Initially reported by Tavis Ormandy as a security problem, but I do not
believe this can be successfully exploited:
- the problematic code (_dl_important_hwcaps) is run when ld.so isn't
yet fully initialized and only ld.so, the binary, tiny stack and possibly
vdso are mapped in the address space, so no libc around, calls through
PLT don't work, etc.
- ld.so's minimal malloc is used (which just incrementally allocates memory,
first from the end of ld.so's writable segment, then mmap, only last
allocation can be freed), there is no real heap with sensitive data
structures in between regions
- _dl_important_hwcaps mallocs (using a single minimal malloc) two
consecutive chunks of memory, the first is an array of r_strlenpair
structures, the second part will be a huge string, consisting of the hwcap
names (hardcoded in ld.so or provided by the kernel, typically only
lowercase letters and digits) and separated by the directory separator
- /
First the code fills the first 2 entries in the array, then sets up
the string area, using mempcpy calls and last it fills the rest of the
array in the first area of the allocation.
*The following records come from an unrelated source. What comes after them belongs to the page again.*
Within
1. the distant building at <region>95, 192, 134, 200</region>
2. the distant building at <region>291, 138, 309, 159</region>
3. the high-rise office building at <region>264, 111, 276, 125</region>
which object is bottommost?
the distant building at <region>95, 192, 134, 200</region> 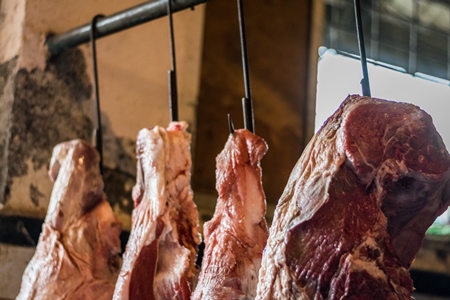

The first area
is (1 << cnt) * sizeof (struct r_strlenpair) bytes long, where cnt
is the number of important hwcaps (LD_HWCAP_MASK bits anded with actual
AT_HWCAP bits, plus a few hardcoded or kernel provided ones - one
"tls" hwcap, one with the name of the platform ("i686", etc.) and from
kernel sometimes "nosegneg".
- no architecture defines more than ~ 35 hwcaps and all hwcaps have ld.so
or kernel controlled very short names, so on 64-bit architectures
the computation of total and (1 << cnt) * sizeof (struct r_strlenpair) +
total won't overflow. If there isn't enough memory (mmap fails),
the minimal malloc implementation will either die with an assertion
failure or (in -DNDEBUG builds) return -1UL. The code after that will
store something to -1UL + sizeof (char *) and as nothing is mapped
at address 0 at that point, will just segfault
- on most 32-bit architectures there aren't enough AT_HWCAP bits set
or defined in the hwcap strings, only i?86 has all hwcap bits defined
- if cnt is too big (29 and more on 32-bit i?86), (1 << cnt) * sizeof
(struct r_strlenpair) overflows to 0 and therefore the string
initialization goes from the beginning of minimal malloc returned area
upwards, where it surely will hit some unmapped page, either in the
string initialization or in the subsequent loop initializing the array
(both go from the bottom upwards)
- the problematic case is cnt smaller than that (28, 27) where malloc
returns != -1UL, but smaller than the expected size, either because
of overflow (for cnt == 28), or because ld.so's _end was closer to
end of virtual address space than the non-overflown size of the region.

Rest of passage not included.